Hungary to Scrap Orbán-Era Crypto Prison Terms in Full Policy Reversal

Hungary’s new government is scrapping severe crypto restrictions, including 8-year prison terms, explicitly signaling full alignment with EU MiCA standards and Estonia’s functional digital licensing framework.
- Hungary scrapping 2–8 year prison sentences for unlicensed crypto trading under Act LXVII of 2025.
- Mandatory SARA validation certificates abolished, covered all crypto-to-fiat and crypto-to-crypto transactions.
- Revolut suspended all crypto services for Hungarian users last year, fully exiting by December 18, 2025.
- EU opened MiCA infringement proceedings against Hungary’s validation regime.
- New government modeling framework on Estonia’s FIU-supervised digital licensing system.
Hungary’s new government is scrapping the crypto restrictions introduced under Viktor Orbán, whose 16-year rule ended after the April 2026 elections brought Péter Magyar’s pro-European Tisza Party to power. Government spokesperson Anita Köböl confirmed the reversal at a press conference on June 11, stating the previous legislation “made practical operation impossible and frightened the market participants,” adding that “the criminal consequences also negatively impacted several hundred thousand people.”
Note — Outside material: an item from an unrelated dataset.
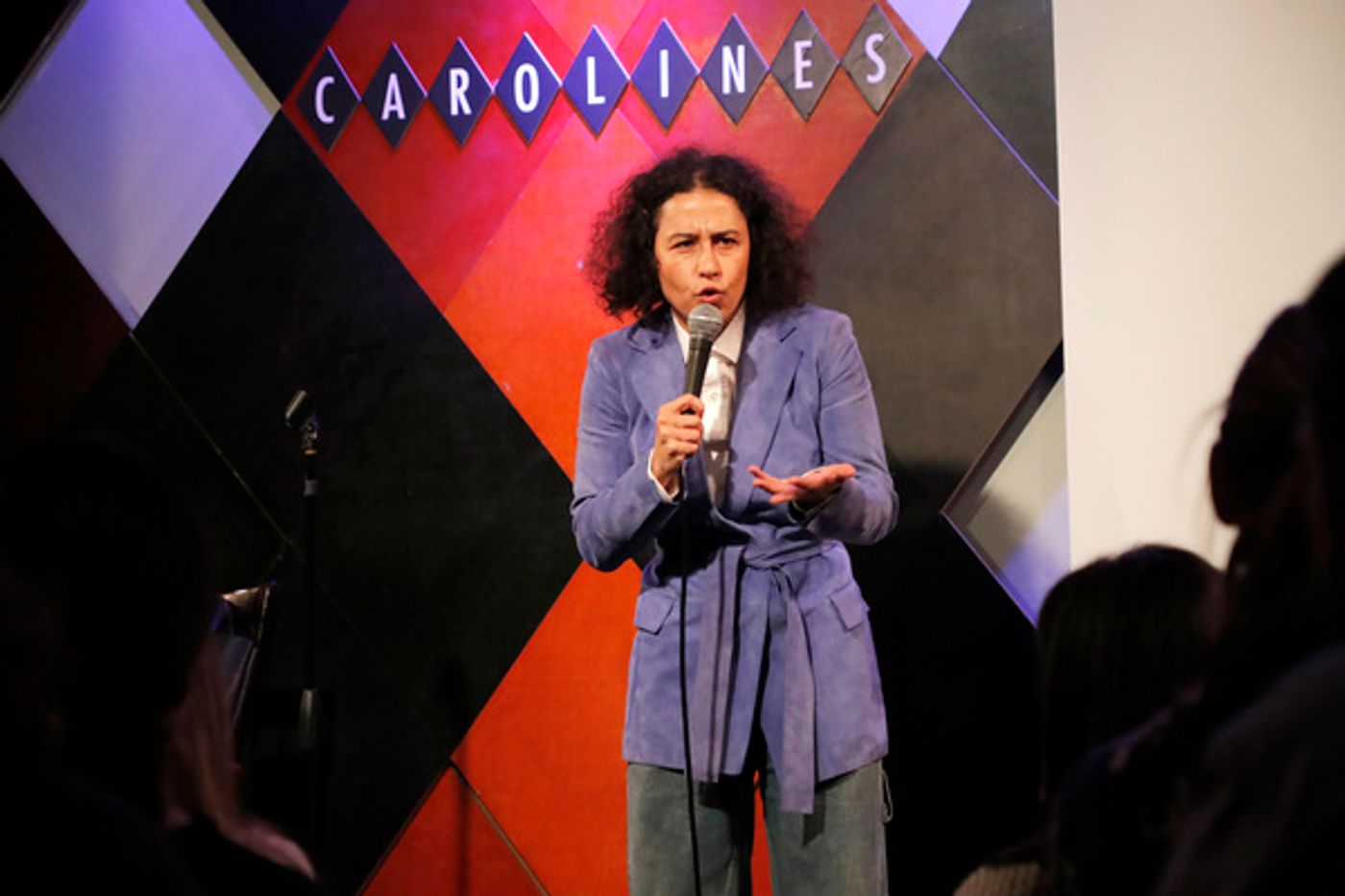Photos: Illana Glazer, Dulcé Sloan, Yamaneika Saunders, Zarna Garg, and More Attend Ms. Foundation Comedy Night at Carolines  Image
The framework being dismantled is Act LXVII of 2025, which amended both Hungary’s Criminal Code and Act VII of 2024 on the Market of Crypto-Assets, effective July 1, 2025. Every crypto-to-fiat and crypto-to-crypto transaction was required to pass through a compliance certificate issued by a government-approved validator under a system operated by the Supervisory Authority for Regulated Activities (SARA). Trading through unlicensed platforms carried prison sentences of 2 to 8 years depending on transaction size. The new administration is abolishing those penalties entirely and dismantling the validation layer.
The Damage Was Already Done
The practical consequences landed fast. Revolut suspended all cryptocurrency services for its Hungarian users on July 7, 2025, freezing holdings without prior notice. The company subsequently fully exited the market by December 18, 2025, after SARA failed to register any approved validators, making it structurally impossible to comply with the law even for platforms that wanted to.
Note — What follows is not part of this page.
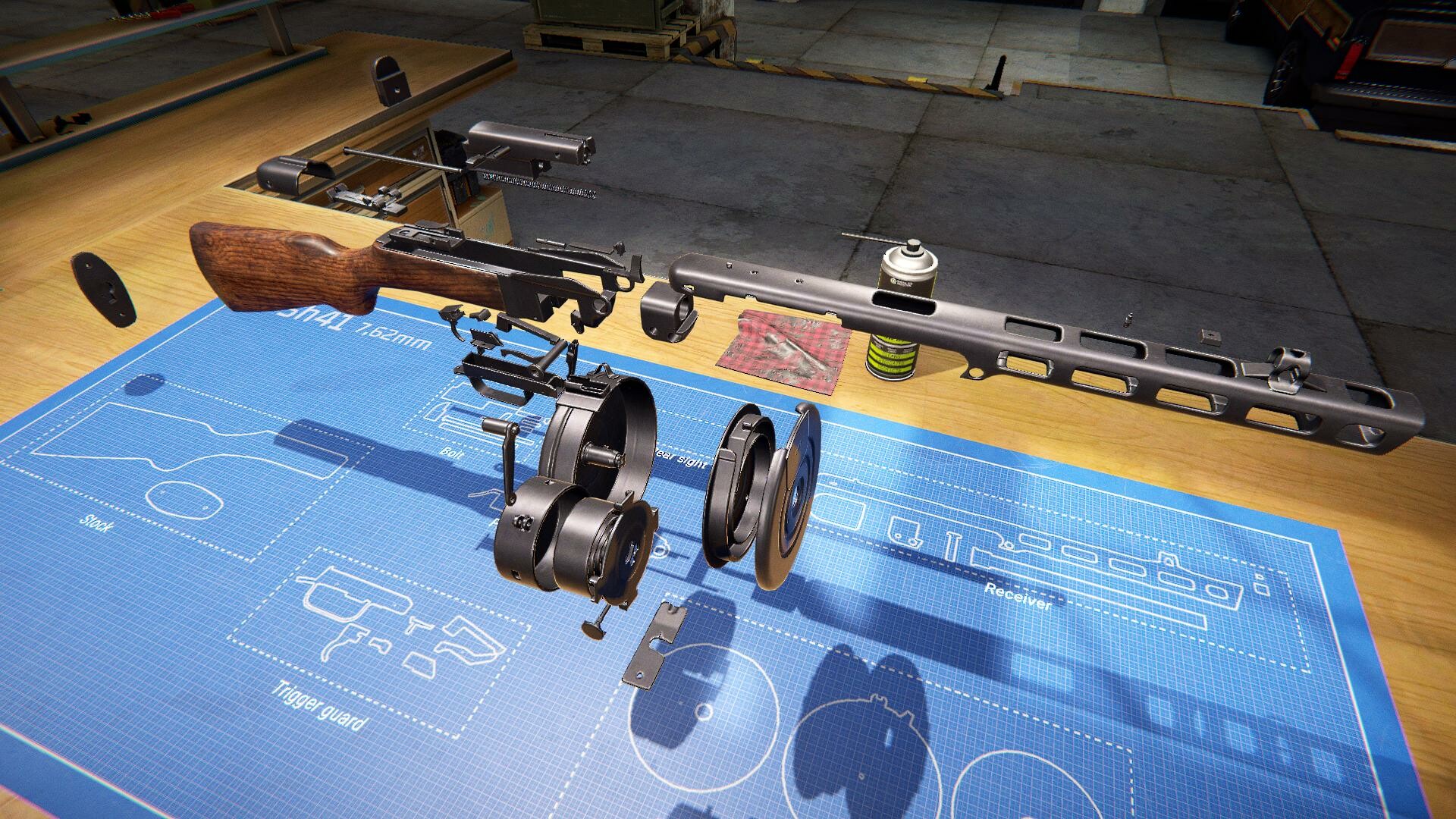 【正经游戏】《枪械模拟器/枪 匠 模拟器 Gunsmith Simulator》V1.1.17-官中简体|容量15.7GB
The SARA certificate system was the mechanism that made normal operations structurally impossible. At the point the criminal provisions became active, SARA had not registered a single authorized validator, meaning every transaction was technically illegal the moment the law took effect. No major international platform could operate under those conditions, which is why they exited.
Why the EU Angle Accelerated the Reversal
The rollback is not purely domestic politics. The European Commission opened infringement proceedings against Hungary’s validation regime, citing direct incompatibility with MiCA, the EU-wide Markets in Crypto-Assets framework that sets a harmonized regulatory floor across all member states. MiCA’s architecture does not permit individual member states to impose parallel national gatekeeping layers on top of EU-level licensing. Hungary’s SARA validation system did exactly that.
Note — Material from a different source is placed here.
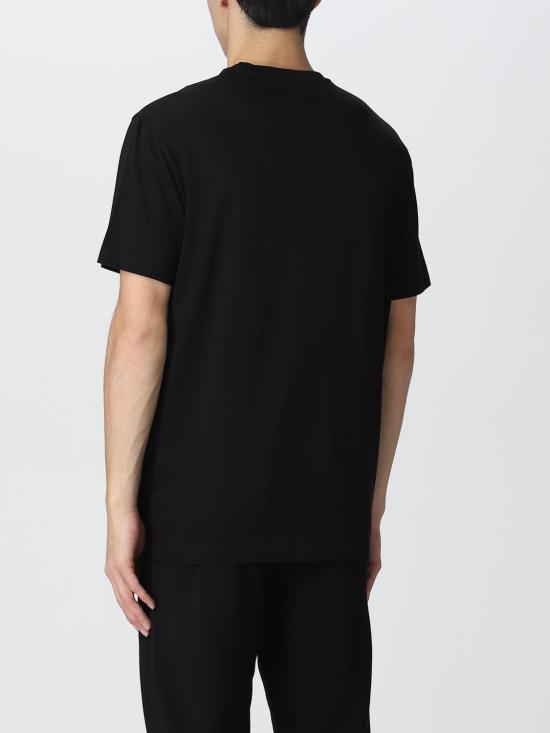 25FW 알마니 반팔 티셔츠 3RZTHLZJ9AZ 1200 Black - ARMANI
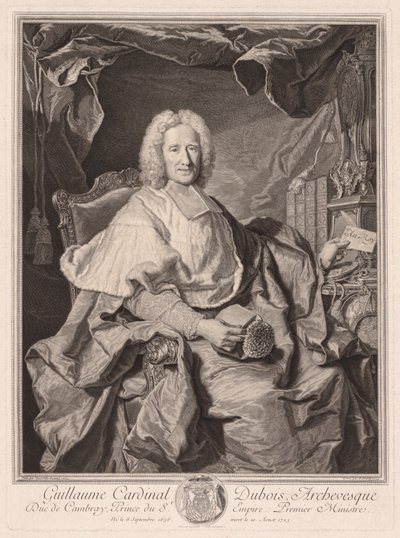 Kardinaali Dubois tekijältä attributed to Liang Kai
A new government signaling full EU alignment had both political and legal incentive to move quickly. Resolving the infringement proceedings through administrative withdrawal of the SARA system is faster than full legislative reform, and the Magyar government has been explicit about modeling Hungary’s digital asset framework on Estonia, specifically its single-window digital licensing system operated under Financial Intelligence Unit (FIU) supervision, widely regarded as the EU’s most internationally compatible crypto licensing model.
What This Means for the Broader MiCA Map
Hungary’s reversal is the clearest live test of what happens when a member state builds a national crypto regime that directly conflicts with MiCA and then faces political change. The answer is rapid dismantling, driven simultaneously by EU enforcement pressure, market exit by major platforms, and electoral accountability.
For operators that left Hungary last year, the structural conditions that forced the suspension, the SARA layer and the criminal penalties, are being removed. The more significant question is whether platforms rebuild domestic infrastructure or re-enter through passporting under their existing EU MiCA licenses, which the regulation enables directly without additional national licensing.
The Estonia comparison the Magyar government is invoking is deliberate: Estonia built its crypto reputation through low-friction licensing, full MiCA alignment, and institutional credibility. Hungary is attempting to replicate that outcome through reversal rather than incremental reform, starting from one of the most restrictive positions any EU member state has ever held.